After looking around at all the gadgets and gizmos that I could buy to get up my mast. I noticed that virtually ALL professional riggers that climb masts on a daily basis use a block & tackle setup with rock climbing gear. So that's what I decided to go with.

I'm putting together my rig now, but it's hard to actually ask real rock climbers about equipment selections, because the one's I've talked to don't seem to understand what you do and don't need for climbing a 40'-60' aluminum pole while moving around standing and running rigging without getting hung up.

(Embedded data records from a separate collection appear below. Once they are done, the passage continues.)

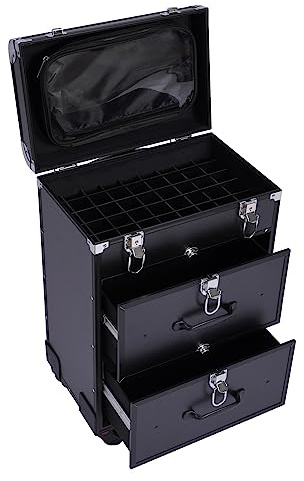 biniliubi Frisörvagn lådor arbete salong professionell multifunktionell hjul resväska aluminium resor kosmetisk makeup vagn låda låda verktyg stor kapacitet, svart, noire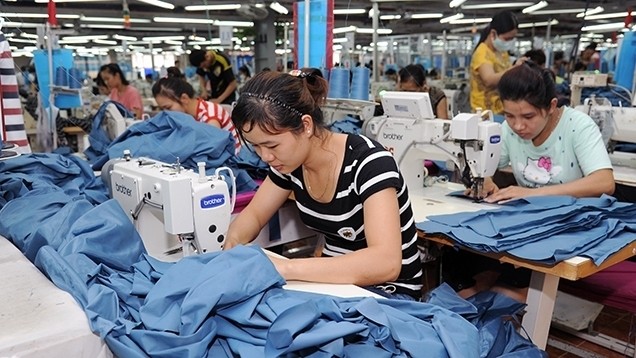 Workers at a garment factory in Bac Giang province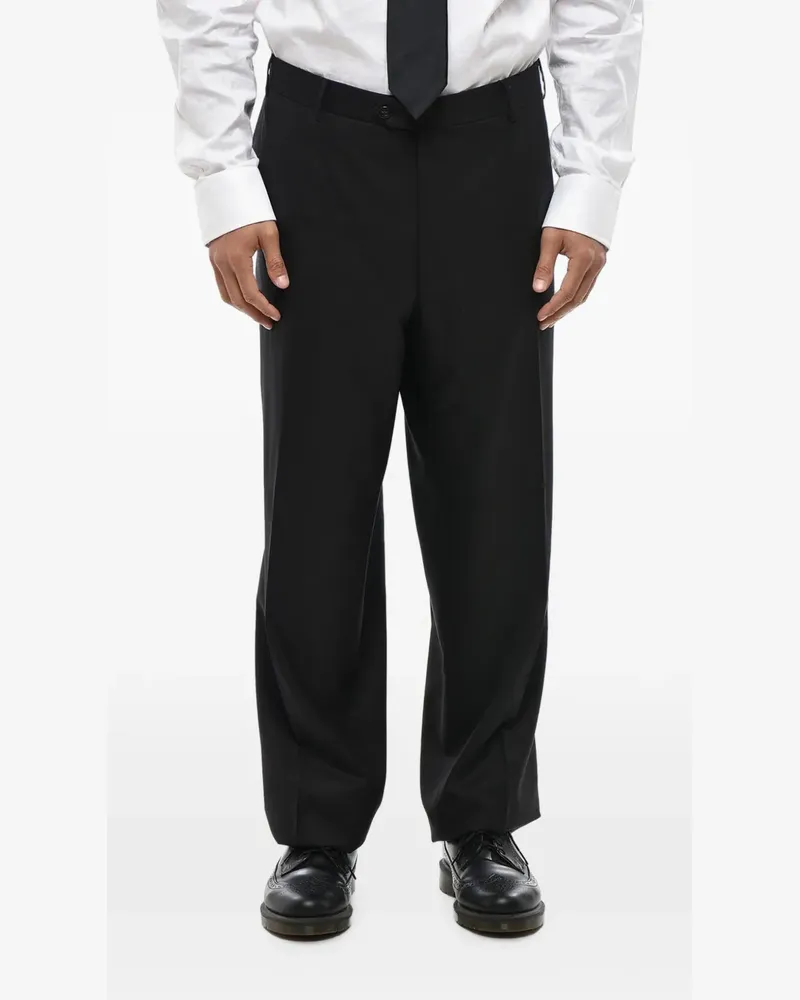 Corneliani scalloped-hem virgin wool trousers - Schwarz Schwarz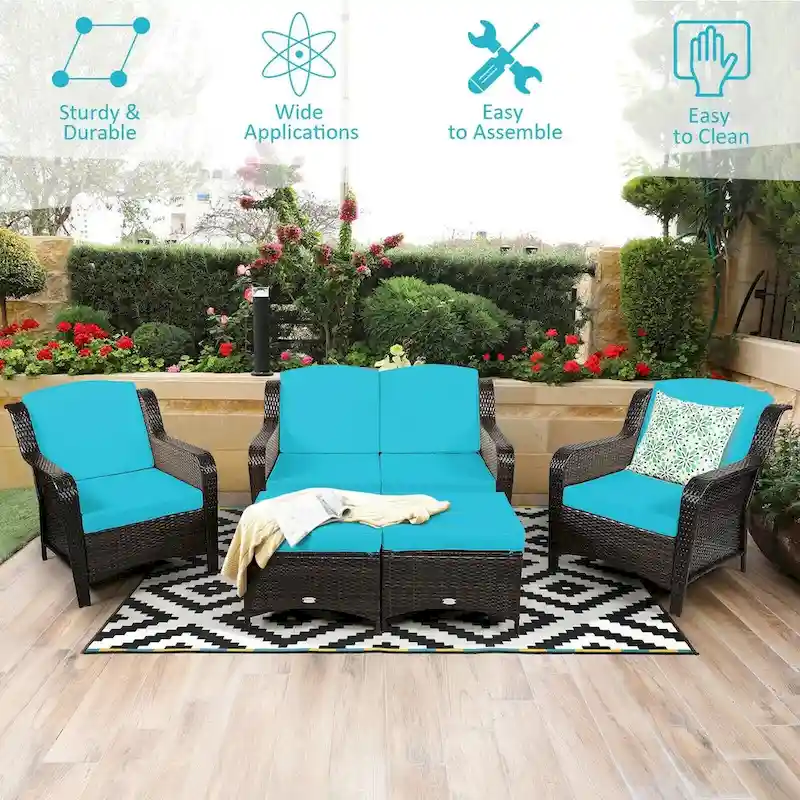 5 Pieces Patio Rattan Sofa Set with Cushion and Ottoman - 51 x 33.5 x 33 (L x W x H)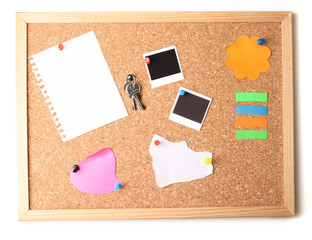Cork board with notes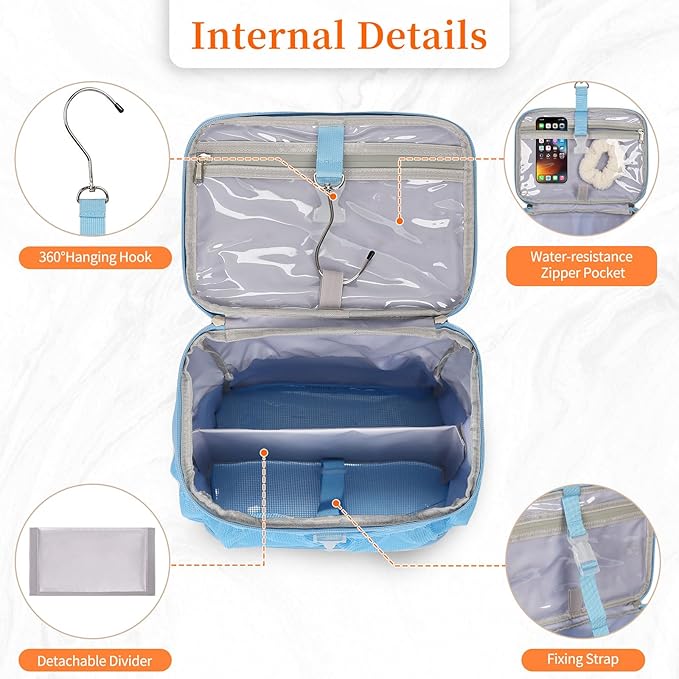 CUBETASTIC Shower Caddy Portable Mesh Shower Tote for Bathroom, Gym, Travel, Camping - Quick Dry Hanging Organizer Toiletry Bag with Handle for College Dorm Room, Men & Women (A# Blue, 9.8")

Here's what I've got on order so far:
  1. 75mm Harken Carbo Ratchet Block w/ Becket for the top pulley
  2. 75mm Harken Carbo Single Block for the pulley that will be attached to my harness (I want a 3:1 lift setup)
  3. Black Diamond Big Gun Harness

So I need some advice on what else I need from any of you that use climbing gear to get up your mast solo.
  • Since it's a 3:1 rig, I'm going with 200' of 7/16" line. But I'm not sure if I should get "Dynamic" (high stretch) line or "Static" (low stretch) line. The larger diameter static line is cheaper, but the lower diameter dynamic is what they recommend in applications where you might fall, (which is not in my plans). I'm figuring since the anchor point for the top block is going to be a low stretch halyard, then there's no point in using high stretch line. So low strech static line should be my choice, right?
  • I'm assuming I need a symmetrical oval screw lock carabiner to attach the lower single block pulley to my harness. But what (if any) other carabiners do I need?
  • Do I need a mechanical ascender?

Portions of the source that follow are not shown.